Downstairs we have a big kitchen diner, a sitting room, family bathroom and a bedroom. Upstairs we have a master bedroom with ensuite, another bedroom and a large open plan office on the landing.

The plot we are on is quite big, which is often the case with bungalows built before the 80's (ours was built mid 60's).

I love it.

mrsnec Fri 31-Aug-12 16:55:06

Ours is a 3 bed on a 500 sqm plot. We have a seperate annexe which we use as a workshop an office and utility and it has it's own shower room. I agree about extra space and also about potential too. We could have built up we even considered a roof terrace but we've ended up covering it with solar panels so the possibilities are endless! Have we convinced you yet?

We live in a 70's chalet style house. It is exactly the same size upstairs as the non chalet style houses on the street, 2 doubles, 1 single and a bathroom. It just has a steep pitched roof and dormers.

Agree with what others say about hot in summer and cold in winter upstairs. It looks exactly like any other house internally but external it is very 'old lady' for my taste. We've been here for 4 and 1/2 years and have never settled. It feels too middle aged, I don't know why. We rushed to be in the right area at the time.

We've just started to redecorate (again) to try and come to terms with the place as we've taken it off the market after 18 months of trying to sell. I'm not sure if that is due to property style though. Market has been dreadful here. Ours was valued between 130k and 135 and was up at 125k. Top of the market sold around us and a steady flow of similar repossessions were hitting market at 90k and most houses in our bracket were sat. Same houses were going quickly for 145k a few years ago. As we don't need to move we are staying put for now.

Sushiqueen Fri 31-Aug-12 17:19:00

We recently bought a chalet bungalow. Looks small from the outside but it is like the tardis.

Have 2 very large double bedrooms upstairs and even after building in wardrobes still have loads of space for DD to dance around in.

We only had a wetroom downstairs, with just a toilet and large walk in airing cupboard upstairs. We now have a lovely new large bathroom upstairs where the airing cupboard was and the landing still feels spacious.

We have velux windows in the bedrooms as well as normal windows so it didn't get too hot at all.

One of the best properties we have ever bought.

They can look granny ish from the outside and unfortunately they do attract the older person. That said even though we are surrounded by grannies it means the street is quiet and the road car free. If you go for a detached there's lots of things you can do to modernize it ie adding modern windows, cedar cladding etc.

The good thing is that as they are on a larger plot you can add an extension without losing the garden.

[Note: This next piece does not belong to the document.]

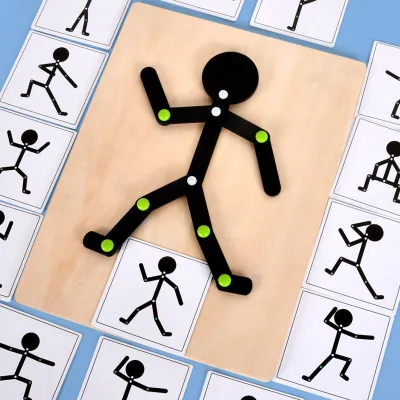 FlexiStick Pose Play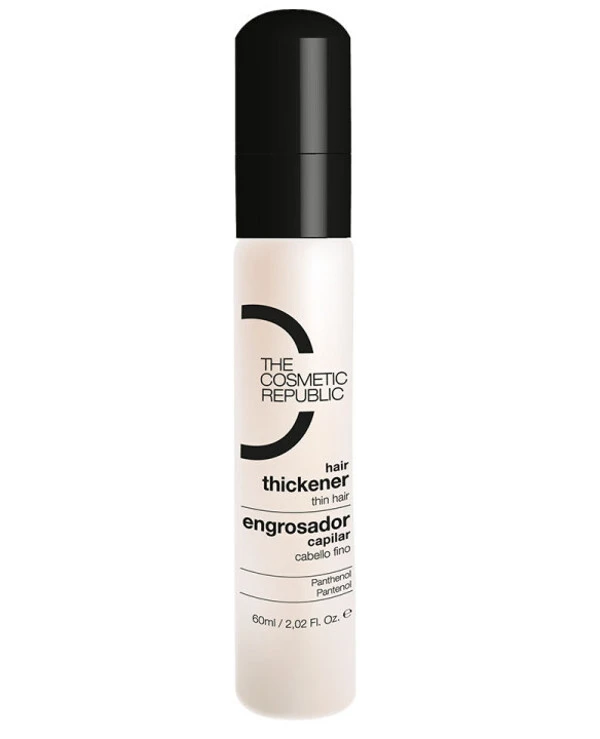 The Cosmetic Republic TCR - Сыворотка для густоты и объема волос Hair Thickener 60 мл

Like someone else Said they are like tardis's, ours from the outside looks like a small double bay bungalow. However it's three rooms deep, so in theory our ground floor is something like 39 ft by 26ft (I'm rubbish at Maths so can't convert that to squared size) what was the original bedrooms downstairs have been converted or knocked through to living spaces and all the bedrooms added to upstairs. We have a dormer on the back and Velux on the front. We had a quote two yrs ago to add a dormer to the front and go further into the loft to add more bedroom space but dh got cold feet over the cost.

I don't think our house is massive but our house is worth £175,000 and to buy a similar sized new build in our area is £270,000 so it's a cheaper option to get the space you need.

Oh I forgot the one fab thing we have too is that as the bedrooms are in the loft in the wall of one bedroom is a door which leads to the actual attic. It spans the width of the house so is huge and so easy to just open the door and throw the crap things not needed in out of sight smile

You should consider the house and think what could you do with it as opposed to how it is now.

WAD Sun 02-Sep-12 11:15:09

I grew up in a chalet (built as a house but looked like a tall bungalow conversion with the upstairs rooms all having dormer windows).

Don't buy if you don't like spiders. There were literally 100s, don't know why, no subsequent house I've lived in has ever had as many.

As a previous poster has said, upstair rooms were stifling hot in summer. Maybe the spiders liked that?